Oh to be tall, thin, and beautiful and yes, white. For some reason, this is what our society sees as most beautiful. Don’t take my word for it. Just check out your closest clothing ad. Now, there are more minority models these days. But let’s be real, minority models are still a novelty and are few and far between. It’s not often you see a kinky haired, dark skinned, uber ethnic black woman. And when you do, she’ll definitely stand out. Actually, you don’t see that a lot in everyday life, either.
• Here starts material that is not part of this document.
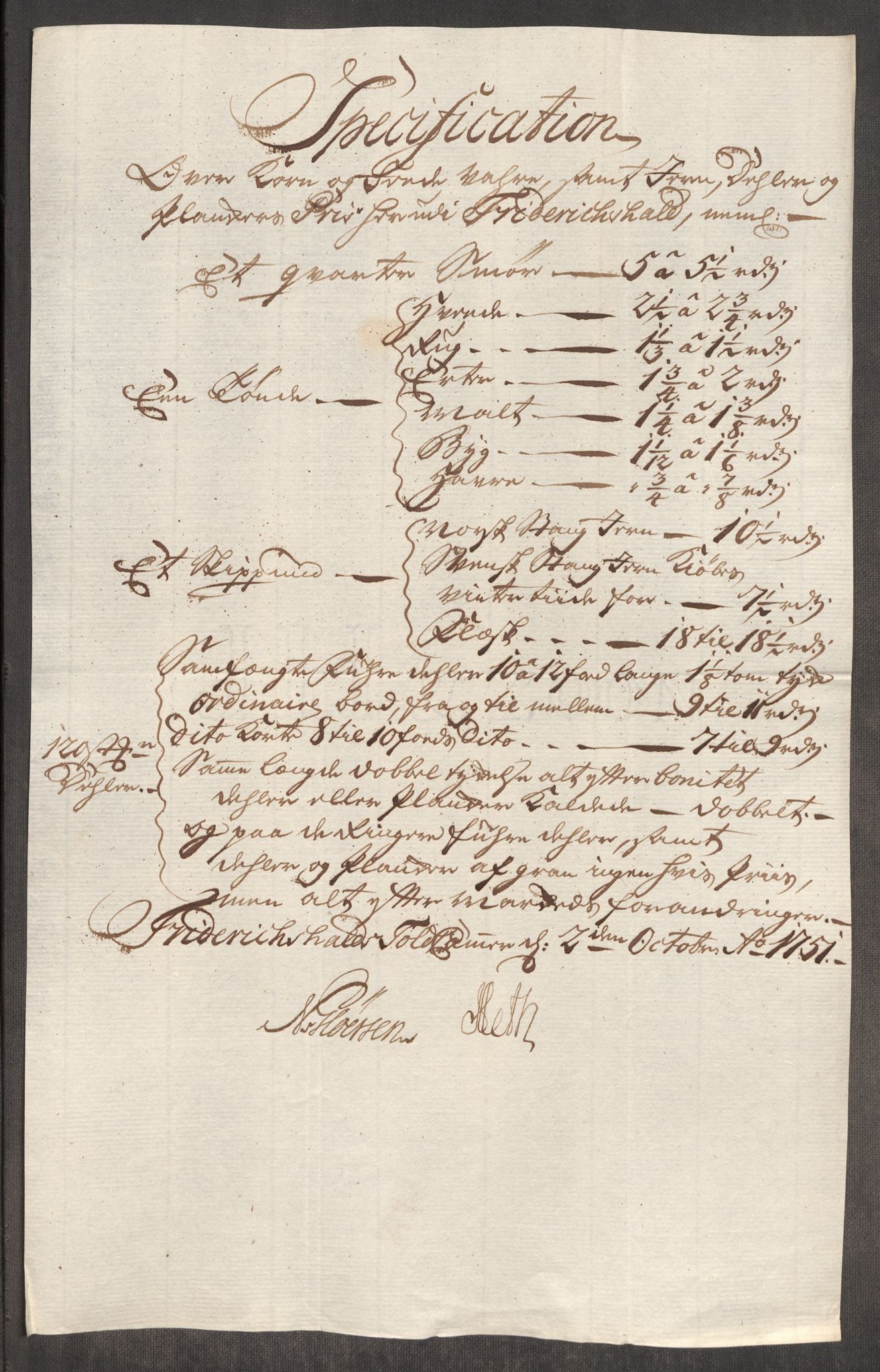 Rentekammeret inntil 1814, Realistisk ordnet avdeling, AV/RA-EA-4070/Oe/L0004: [Ø1]: Priskuranter, 1749-1752, p. 466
    Could it be art’s just imitating life? I’ve noticed something interesting over the past few years. Before I tell you what that something is, you should know this fun fact. I used to relax my hair. Meaning, I used to use these chemicals that permanently straighten my curls. The year 2009, I cut off all my relaxed hair and made the adamant choice to embrace the “natural me.” That’s right folks, I went natural. Ever since, I’ve been a prevalent part of the natural community. The first year or so, I was one of few. I would sometimes get stares from people that didn’t get why I’d leave the house “like that” and other times I’d get compliments from women that respected my being so “brave”. Yes, brave. 


         See, that’s where I have a problem. I hate that me wearing my hair the way it comes out of my head is seen as such a bold and daring fashion statement. But at the same time, I love that more women are doing it, and I understand a lot of American’s aren’t used to seeing black women with their natural hair. So it stands out. And that’s fine. But, I can’t wait for the day when my hair isn’t seen as a fashion statement. There are so many different kinds of beauty. I think minorities have trouble sometimes accepting this. When you see a certain sort of beauty being pushed in the media, say blonde hair or a tiny frame, whether you want it or not, that image gets ingrained in your brain. Women that know they can’t achieve this look of beauty may feel insecure. I get that. And if you have something that’s the pure opposite of that representation of beauty, say kinky, curly, dark hair, it takes a bit of moxie to go against the grain and embrace your uniqueness as beautiful. I don’t believe there’s just one kind of beauty. Model’s do not represent all women, but only a fraction. An eensy-weensy tiny little fraction. Like, so small. Ok, you get it.